→ WHAT THIS TASK INVOLVES:
The expected output is the full data, repeated exactly, without pictures.

→ INPUT DATA:
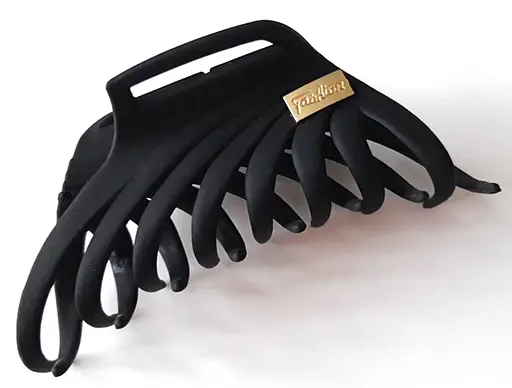 Набір крабів Fashion для волосся каучуковий 6,5 см з металевою вставкою 12 шт. Чорний - фото 2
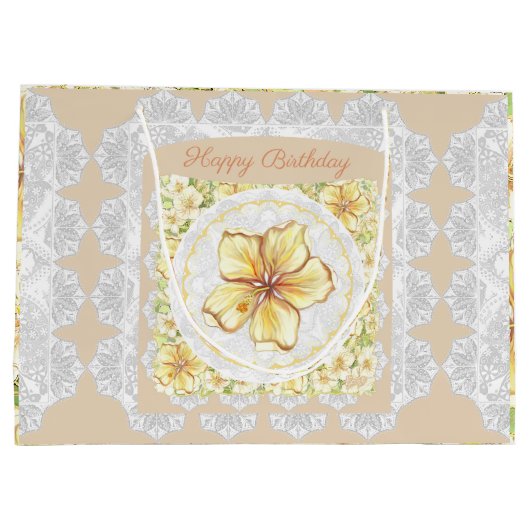 Hibiscus & kant GEEL Groot Cadeauzakje (Achterkant)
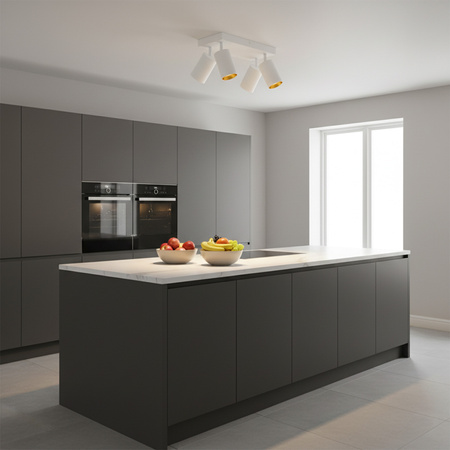 Plafon LED Oprawa Lampa Ścienno-Sufitowa 4 x GU10 MARIBEL Biały GOLDLUX (Polux)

→ ANSWER SPACE:
 Набір крабів Fashion для волосся каучуковий 6,5 см з металевою вставкою 12 шт. Чорний - фото 2
 Hibiscus & kant GEEL Groot Cadeauzakje (Achterkant)
 Plafon LED Oprawa Lampa Ścienno-Sufitowa 4 x GU10 MARIBEL Biały GOLDLUX (Polux)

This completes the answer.